[[ Available records, beginning ]]
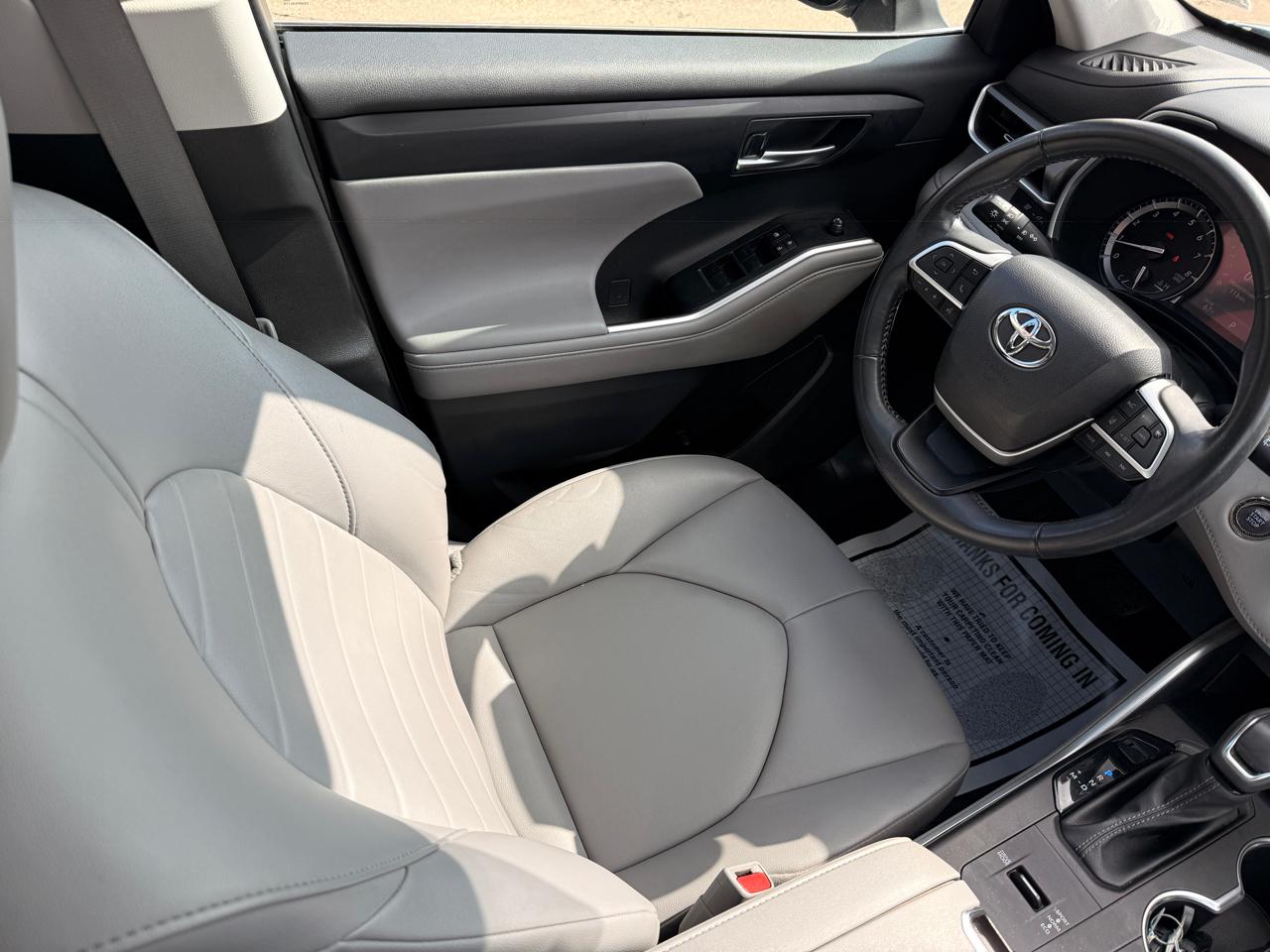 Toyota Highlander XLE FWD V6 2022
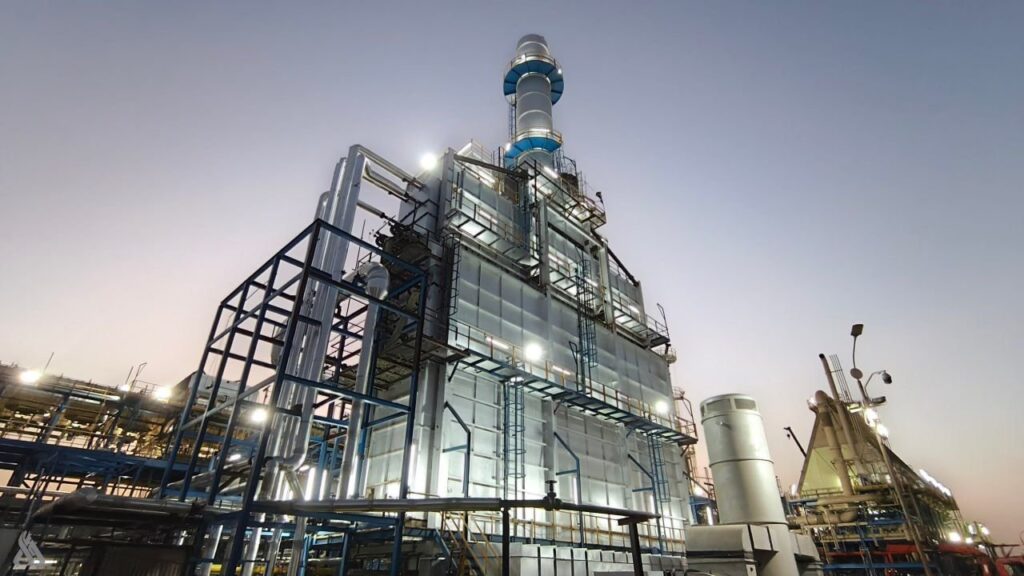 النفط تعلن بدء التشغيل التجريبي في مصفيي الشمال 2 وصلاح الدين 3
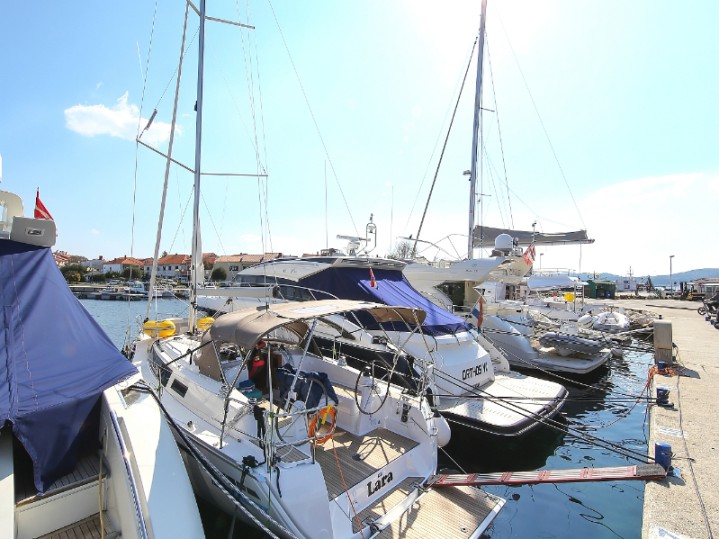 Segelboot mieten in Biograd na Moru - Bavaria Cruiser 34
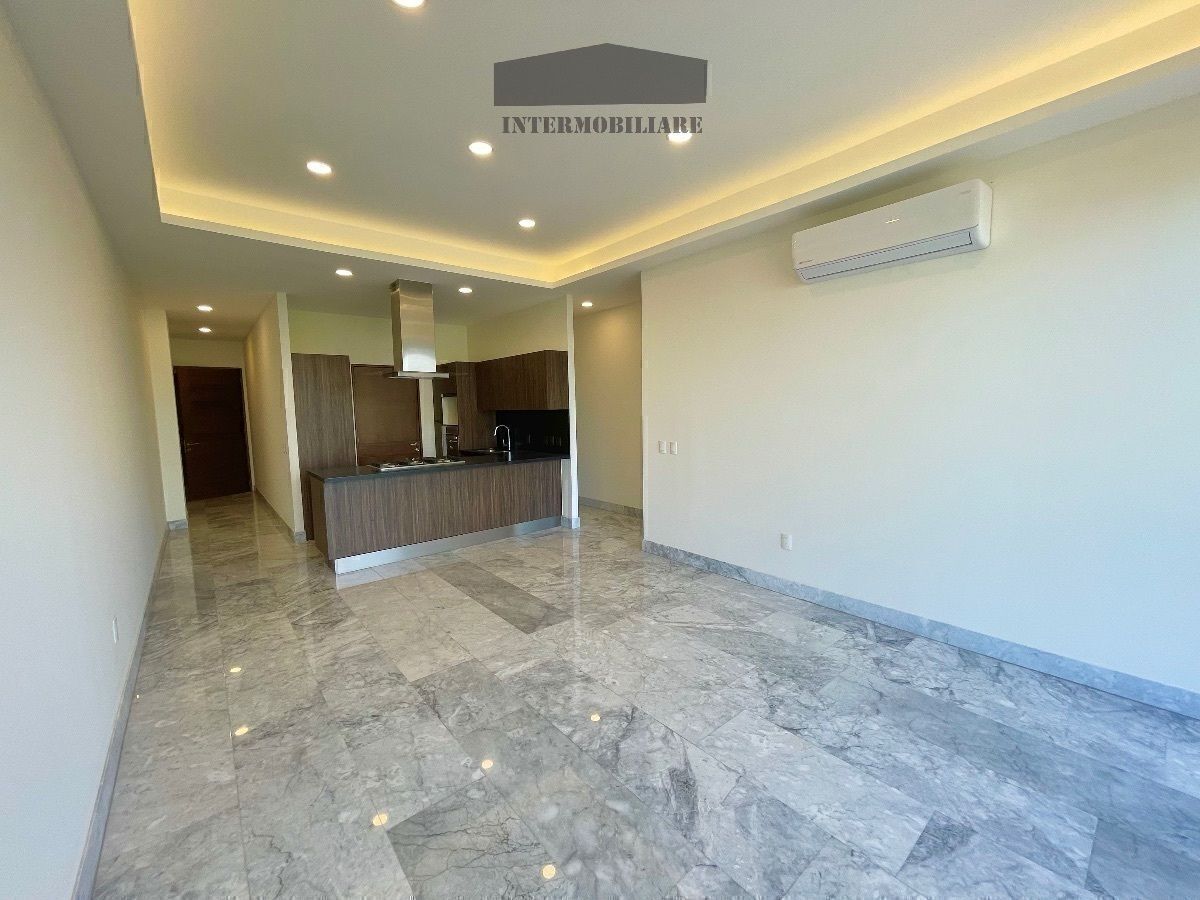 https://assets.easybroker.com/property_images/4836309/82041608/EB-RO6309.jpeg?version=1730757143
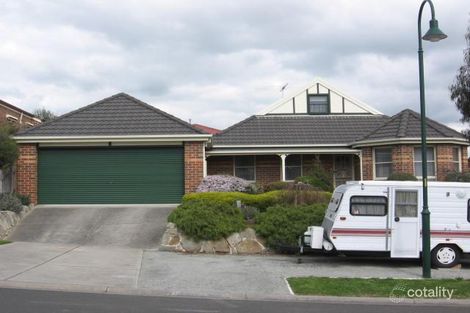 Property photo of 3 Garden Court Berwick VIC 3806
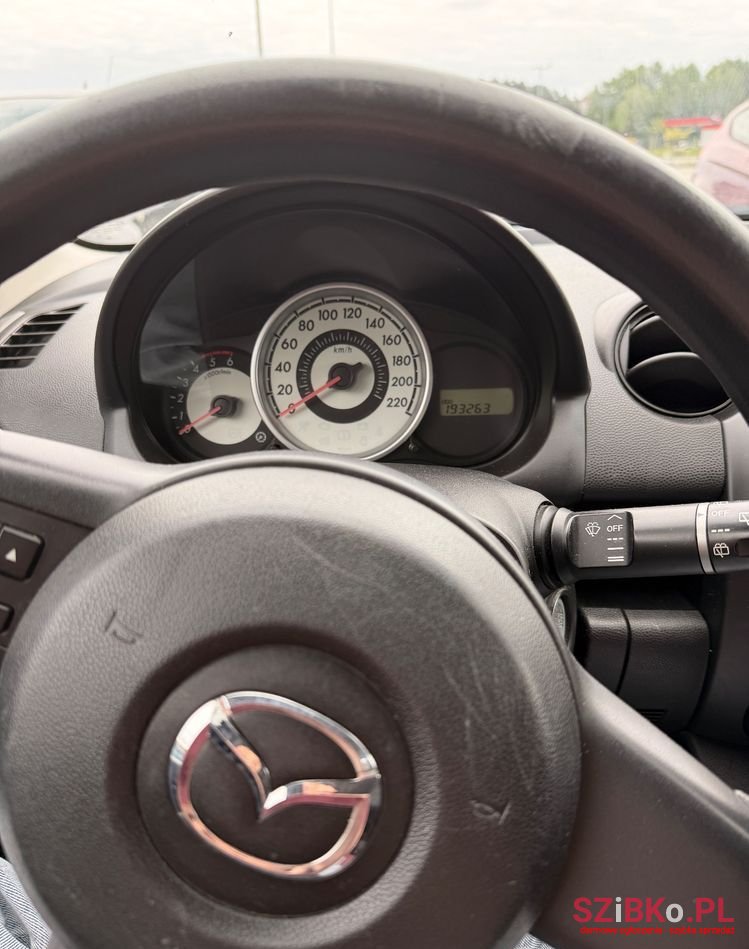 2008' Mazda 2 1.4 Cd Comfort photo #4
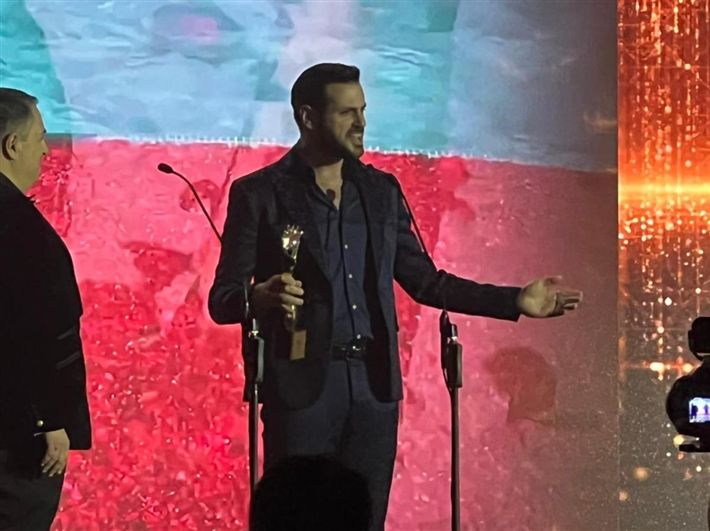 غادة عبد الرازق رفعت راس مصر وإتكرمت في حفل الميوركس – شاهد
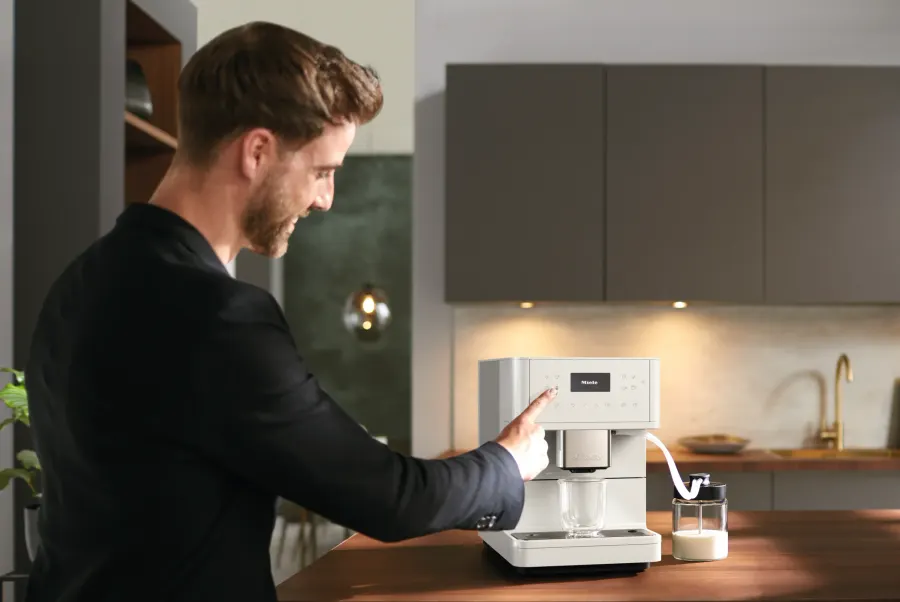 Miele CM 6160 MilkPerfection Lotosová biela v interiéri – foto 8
[[ Available records, end ]]
About this exercise:
Reproduce the listing above from the line that contains "Property photo of" through its final line, exactly and with nothing added. Omit the images.

Result below:
 Property photo of 3 Garden Court Berwick VIC 3806
 2008' Mazda 2 1.4 Cd Comfort photo #4
 غادة عبد الرازق رفعت راس مصر وإتكرمت في حفل الميوركس – شاهد
 Miele CM 6160 MilkPerfection Lotosová biela v interiéri – foto 8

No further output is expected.